To me, an ultimate disk encryption method for protecting an embedded application is one whose boot procedure does not include any non-encrypted stage. Otherwise, a malicious user can use her own modified version of that non-encrypted stage in order to boot her own code and try to break the encryption key by generating lot of plain/cipher patterns. The first boot stage of iMX233 (booting kernel from first SD partition) can be encrypted using the same OTP key (see elftosb -k parameter). Then the next stage of booting an encrypted Linux from the second partition was what I was looking for.

I had several obstacles to overcome:

  • First of all, I had to write my own version of kernel crypto module that can use the OTP hard-key instead of always expecting a soft-key to be provided [see this quesion].
  • Second, the original dm-crypt essiv IV method was not possible without modification in my case. Why? because it relies on the explicit value of the key for IV generation, and as I said, the key value is burried into hardware fuses and unknown to software.
  • Finally, I needed to add my custom initramfs into my compiled Freescale’s kernel. It is responsible to cryptsetup, mount the encrypted root partition, and switch_root to it.

5 Comments »

  1. I am also trying to do same thing on iMX233 board, I didnt thought to use OTP keys but from your post i think i should use it, Can you please provide me some information on the init script you created for initramfs image and about kernel module, means how to get OTP keys

    Thanks in advance

    Bruce

    Comment by Bruce — October 28, 2013 @ 12:54 pm | Reply

    • Bruce,

      Regarding the init script you should follow the general process of building initramfs with a difference that you need to copy cryptsetup utility and its dependencies to your initramfs, and use it to mount and then switch_root to the mounted encrypted root. When building the kernel, specify this initramfs.tar.gz in menuconfig.
      Regarding the kernel module, all I can say is that I had to develop my own kernel module that uses OTP hardware for encryption/decryption. Unfortunately I am not allowed to provide any code as it belongs to the company I work with.

      I hope that helps!

      Comment by fadishei — November 1, 2013 @ 2:05 pm | Reply

      • I understand that, i already did the initramfs part.
        Answer one question, DCP driver is enabled in my kernel but after bootup i am not able to see /dev/dcpboot, so how were you using dcpboot device file through that tool you created otpcrypt?

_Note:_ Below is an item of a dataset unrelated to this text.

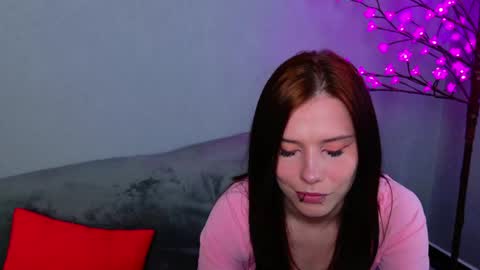 mellhyees online show from April 4, 5:31 pm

        Comment by Bruce Warner — November 12, 2013 @ 4:12 pm

      • I can not guess what the problem is. Please compare your environment with mine to see whether you’ve missed something:

        root@arm:~# uname -r
        2.6.35-9-ARCH
        root@arm:~# ls -l /dev/dcpboot
        crw——- 1 root root 10, 60 Jan 1 00:00 /dev/dcpboot
        root@arm:~# dmesg | grep DCP
        dcp dcp.0: DCP crypto enabled.!
        root@arm:~# zcat /proc/config.gz | grep DCP
        CONFIG_CRYPTO_DEV_DCP=y

        Comment by fadishei — November 15, 2013 @ 9:49 am

  2. I was looking for this solution too. Update kernel (3.13.10), change initramfs and now I can boot encrypted root partition. The key is stored in plantext in the initramfs, but since initramfs is in the encrypted bootstream there is none non-encrypted stage in booting. I guess that this solution adds security risk in a way that the key can be read from memory. I am not sure is it worth to go further and reprogram dm-crypt or in another words is it more likely that someone investigate device memory or to decrypt AES CBC used by the OTP hardware.